Adam Green of the Progressive Change Campaign Committee has been quite vocal lately about the 40 Senators that are now on the record supporting a public option in reconciliation.  And to be sure, they are.  But the drive to get Senators to support the public option in reconciliation actually started as a drive to get Senators to urge Majority Leader Reid to insert the public option into a reconciliation bill that could pass by majority vote.  Adam would of course say that as long as a Senator votes for the public option in reconciliation, it makes no difference whether they are proactively asking for it to be included.

But I think there is a difference.  I think there is a different signal being sent to Sen.
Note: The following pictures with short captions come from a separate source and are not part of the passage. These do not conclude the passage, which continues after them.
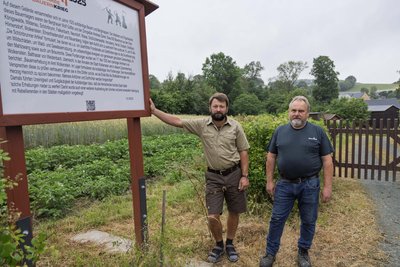 Toni Schilk und Konrad Meyer vom Heimatverein Schönbrunn an der Infotafel zum Bauernkrieg im Ambrossgut.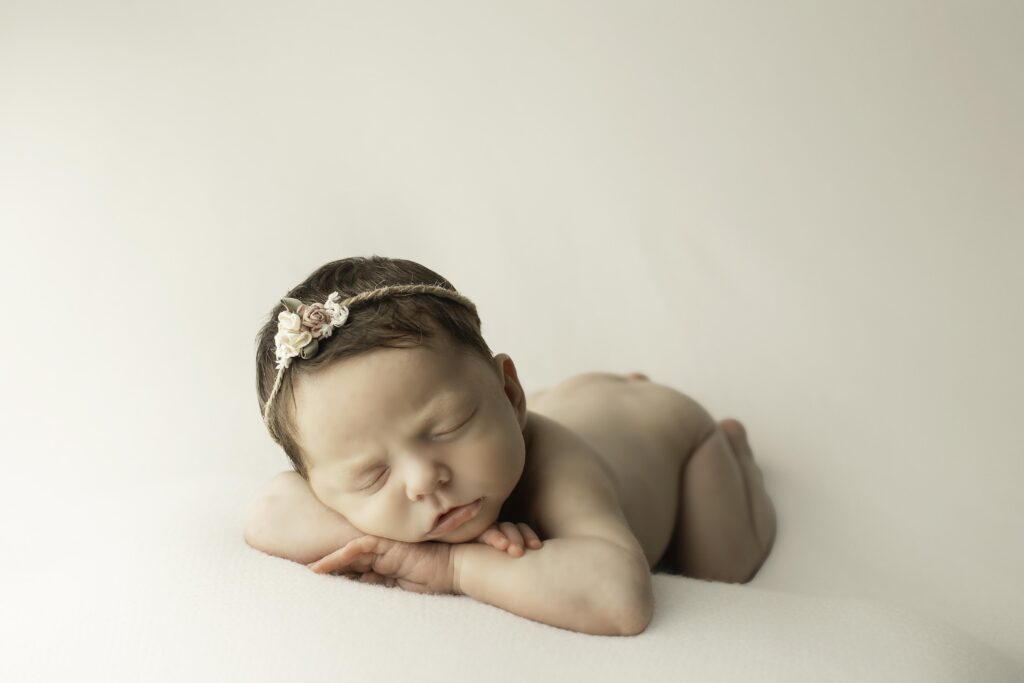 dorable single newborn captured in a serene and peaceful pose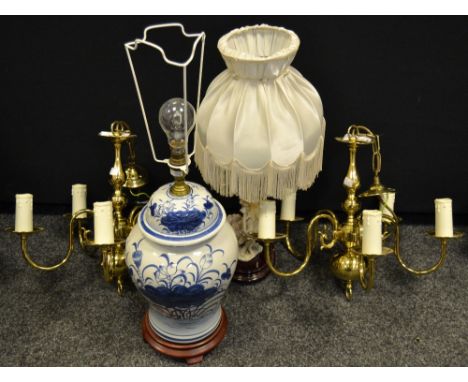 Lighting - a 20th century brass standard lamp with shade; a pair of brass five branch chandeliers; a 20th century delft table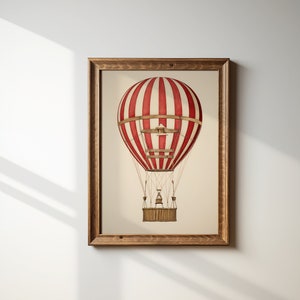 May include: A framed print of a red and white striped hot air balloon with a wooden basket. The balloon is against a white background.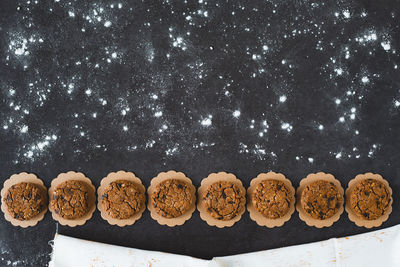 Directly above shot of chocolate chip cookies and rolling pin on black background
Reid's office.  The difference is one of pressure and push.  It turns out that the letter itself has only been signed by 24 Senators, not 40.  The balance, 16 Senators, have been asked by various media sources and have said they will vote for it if it comes up.  Let me explain the difference to you this way - the difference is kind of like one between a member of Congress who sponsors or co-sponsors a bill and one who just votes for it.  The 16 who did not sign the letter are patently unwilling to create pressure on Majority Leader Reid to put the public option in reconciliation.  And for good reason.  As Ezra Klein has noted on numerous occasions, even Senators supportive of a public option do not believe that at this point, its re-emergence helps health reform pass.
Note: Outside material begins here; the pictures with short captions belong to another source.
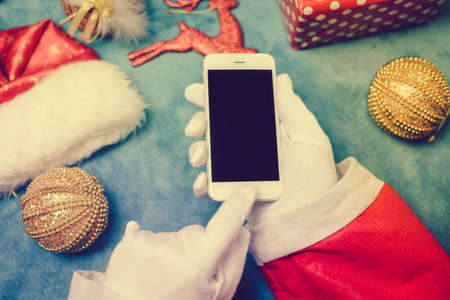 Santa Claus working holding smartphone on festive background. Happy Christmas holiday time design decorationの写真素材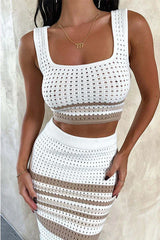 Close-up of the woman's torso showing the detail of the white and tan striped knit cropped tank top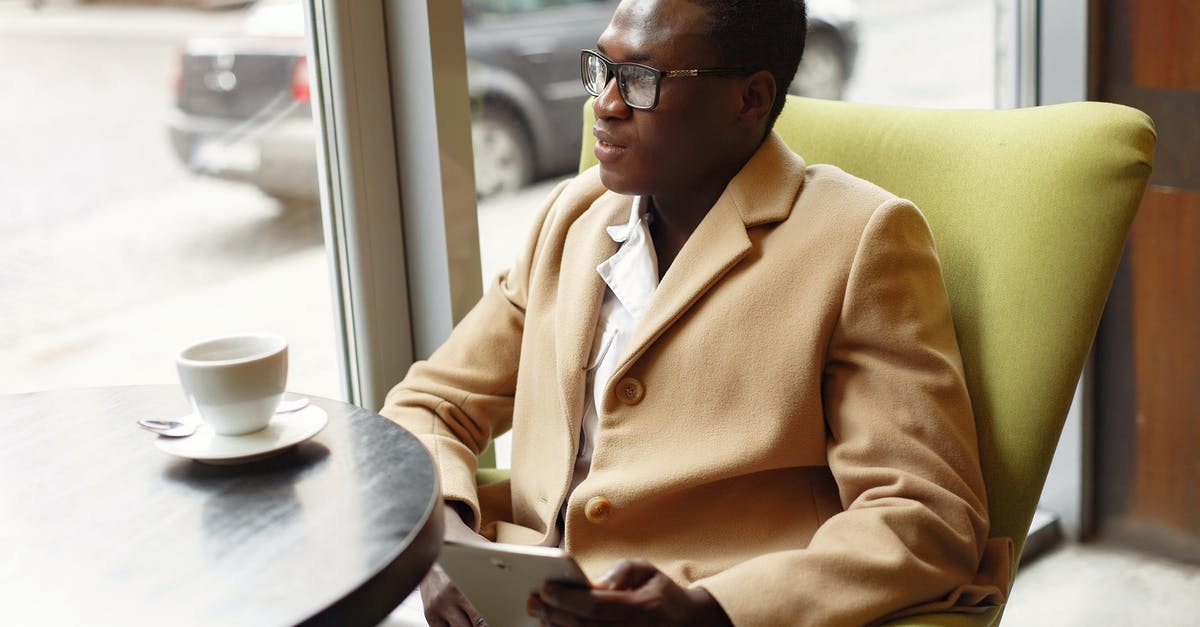 Why boil and cool jam before using it in a cake? - Serious African American male in trendy formal suit and eyeglasses sitting on cozy chair in cafe with cup of coffee and browsing tablet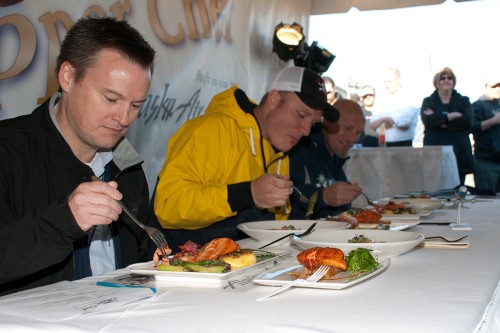 Judges try the different salmon dishes.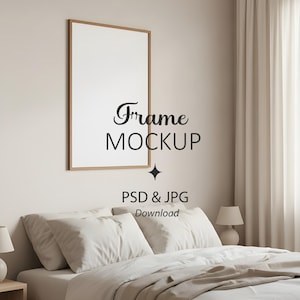 May include: A framed mockup with the text "Frame MOCKUP" and "PSD & JPG Download" is displayed above a bed with white bedding. The frame has a light brown wooden border. The room has a neutral color palette.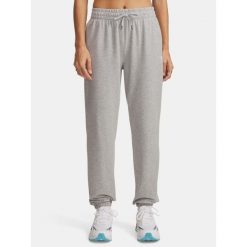 Spodnie damskie Under Armour Sport Terry Jogger. Szare spodnie sportowe Under Armour, bez wzorów, na fitness i siłownię. Za 159.99 zł.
So here is what is going on: Senators who are already on record supporting a public option are afraid to say that the public option cannot be passed under reconciliation.  Why?  Because in 30 second sound-bites and 24 hour news cycles, it is really hard to explain the process difference and why one thing could happen in Congress under one process but not under another.  It is really difficult to lay out the case that under reconciliation, it's quite likely that the public option, under reconciliation, will require 60 votes and not 50, in the likely scenario that the Senate parliamentarian rules that it is policy which cannot be considered within the narrow scope of reconciliation.  The only alternative scenario is the following:

Vice President Biden ignores the advice of the Senate parliamentarian and rules it allowable under reconciliation. Then a Republican would challenge that ruling, and you would need 50 votes to sustain the ruling. Now you will have an different situation altogether - 50 Democrats voting not for the public option but to overrule the Senate parliamentarian. That will never happen, since it will give Republicans their very first legitimate line of attack on health care: that the Democrats are playing hard and fast with the rules when the rules turn out to be problematic for them.  I am for the use of the Constitutional option where the Vice President uses his Constitutional power as the President of the Senate to strike as unconstitutional the filibuster altogether, but as long as the rule remains in place, the parliamentarian ought to be able to call balls and strikes regardless of whom or what such rulings favor.

See how long that took to explain?  No Senator can explain this in 30 seconds, and furthermore, expect the "public option or bust" crowd to actually give that explanation a fair hearing.  But they understand that the public option does not stand much of a chance to pass under reconciliation.  There are too many hurdles to clear, and getting reform done now is paramount.  That is why 16 Senators will go on record saying that they will vote for a public option should it come up under reconciliation, but will not ask that it be brought up under reconciliation.